Weyco, Plum Creek Will Own 13 Million Acres

Weyerhaeuser Co. and Plum Creek announced a merger that will leave nearly two-thirds majority ownership in Weyerhaeuser shareholder hands. The combined company creates a $23 billion timber REIT (Real Estate Investment Trust) with more than 13 million acres of timberland in the U.S.

The combined company will retain the Weyerhaeuser name. As previously announced, Weyerhaeuser intends to move its headquarters to Seattle in mid-2016.

Weyerhaeuser brings 6.9 million acres and Plum Creek 6.3 million acres to the deal. The combination becomes the largest private timberland owner in the U.S. and encompasses 7.3 million acres in the South (56% of company land), 3 million in the Pacific Northwest (22%) and 2.6 million in the North (20%). The new venture will also own 323,000 acres in Uruguay.

Plum Creek operates a medium density fiberboard plant, plywood mill and a board sawmill in Columbia Falls, Mont.; a plywood mill in Kalispell, Mont.; and a stud mill in Kalispell/Evergreen, Mont.

Weyerhaeuser operates 11 sawmills in the Southern U.S., four in the Northwest and three in Canada.

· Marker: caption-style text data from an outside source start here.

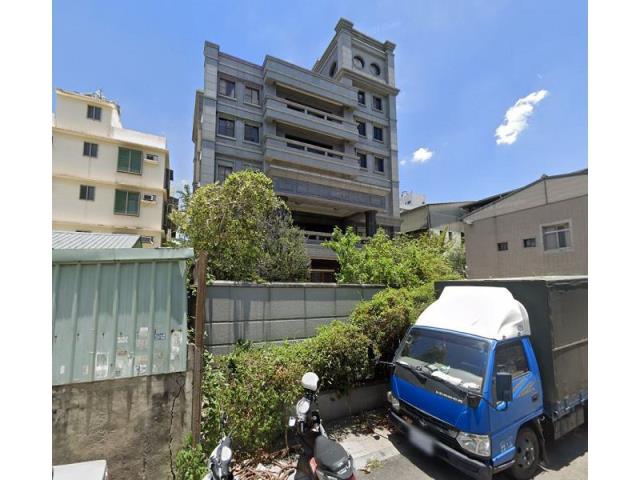 台中法拍屋法拍-4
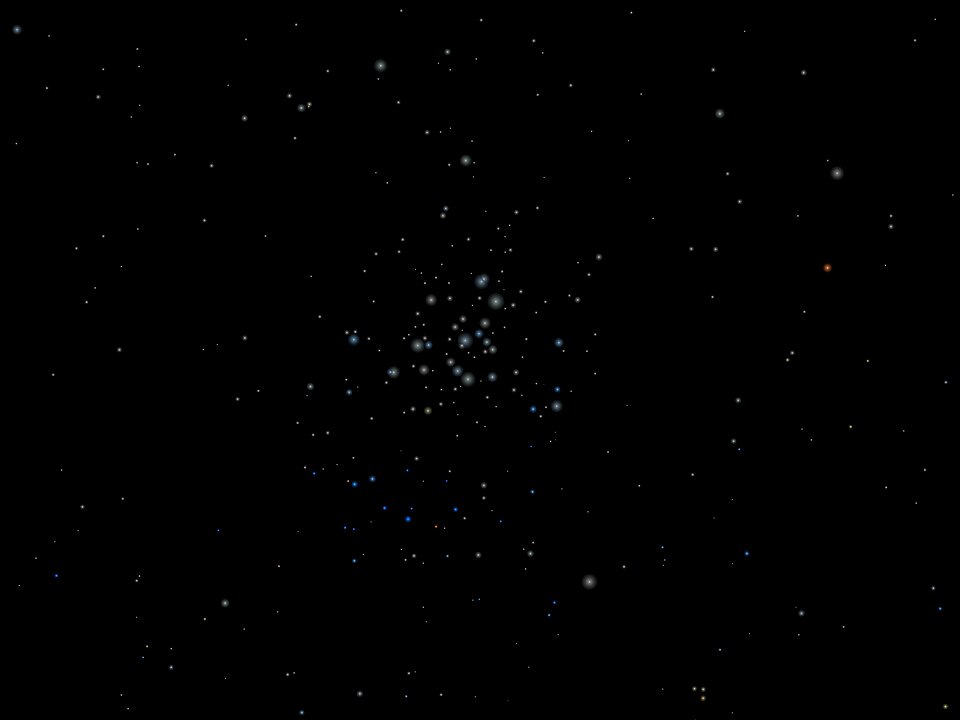 Fayl:NGC 6231.jpg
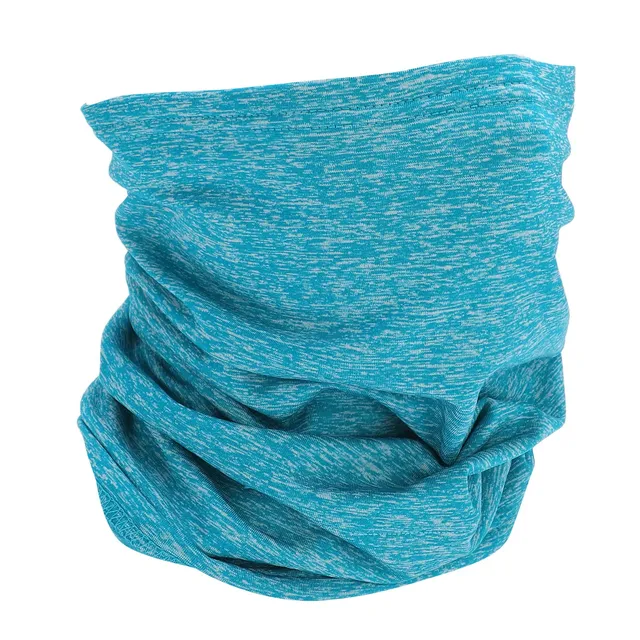 AOWINHIT Scaldacollo invernale sport nylon 56 g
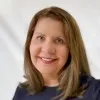 Vickey Townsend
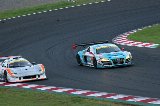 120819_SuperGT_Pokka1000km_790.jpg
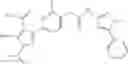 Fig. 530 - RET kinase inhibitors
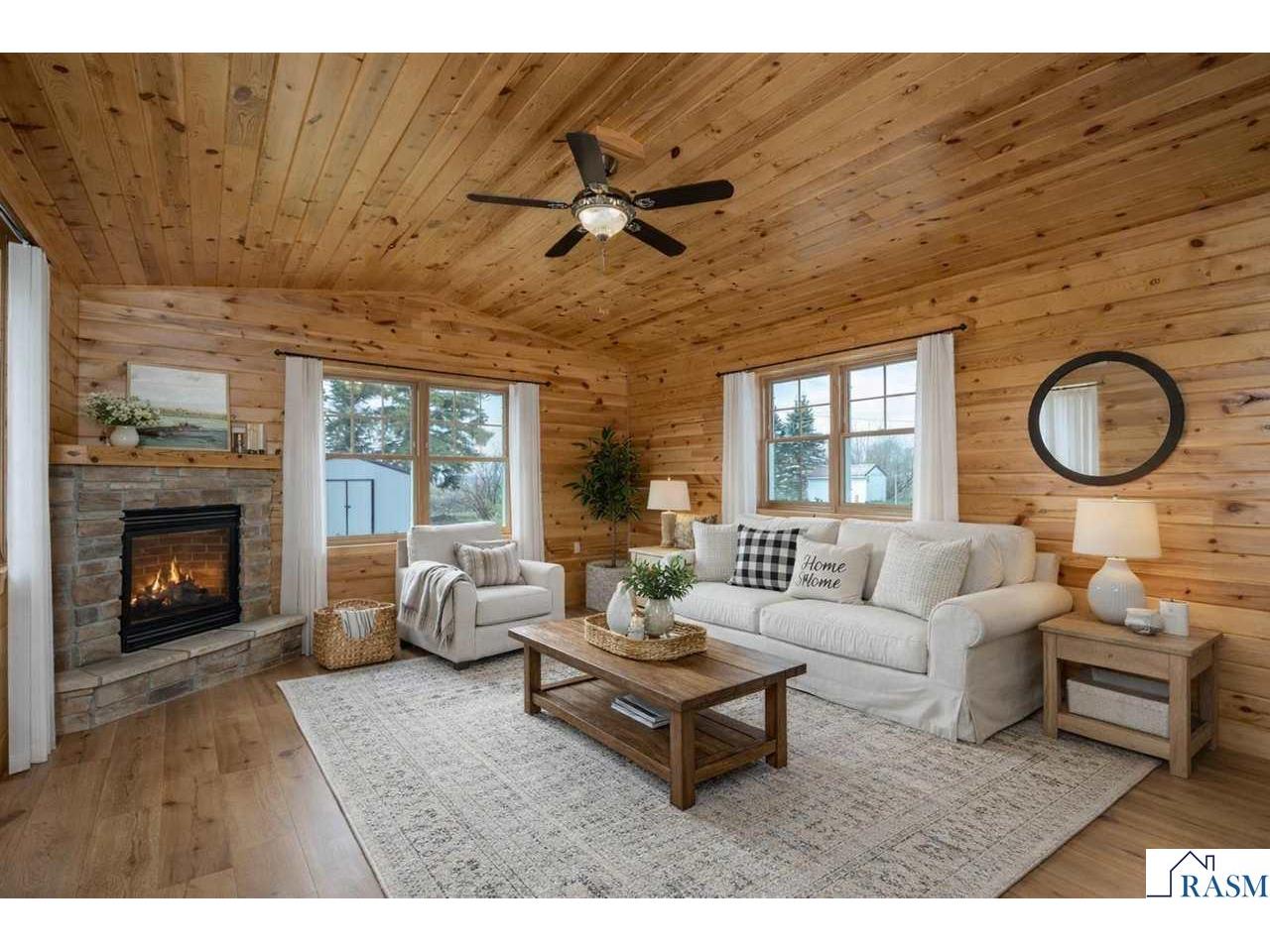 301 W South Street Amboy MN 56010 7040118 image19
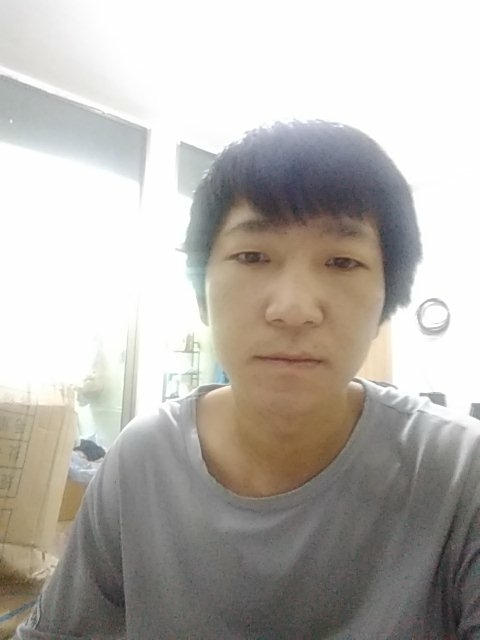 单身的第三张照片--云霄交友网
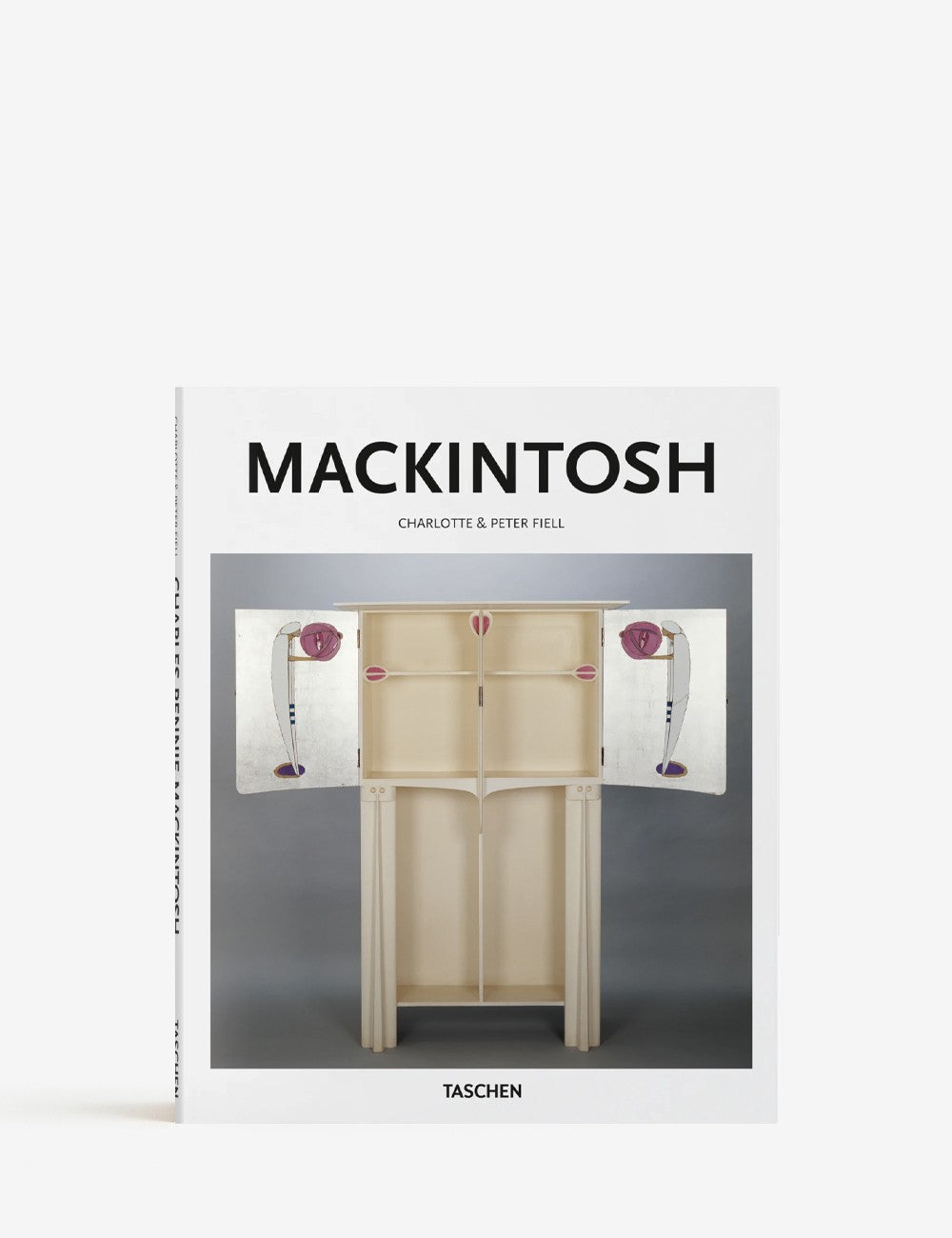 MACKINTOSH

It also operates six OSB mills, six engineered wood products facilities and three veneer/plywood facilities in North America.

Weyerhaeuser also announced it is exploring “strategic alternatives” for its Cellulose Fibers business, including a possible sale. The company’s Cellulose Fibers business includes pulp mills in Port Wentworth, Ga.; Vanceboro, NC; Grande Prairie, Alberta; and a modified fiber mill in Columbus, Miss.; as well as other facilities internationally.

Weyerhaeuser’s Doyle Simons will serve as president and CEO of the combined company. Plum Creek’s Rick Holley will serve as non-executive chairman of Weyerhaeuser’s board, which will be expanded to 13 directors, which will include eight directors from Weyerhaeuser and five from Plum Creek.

The transaction requires the approval of shareholders of both Weyerhaeuser and Plum Creek and is subject to customary closing conditions. The transaction is expected to close in late first quarter or early second quarter of 2016.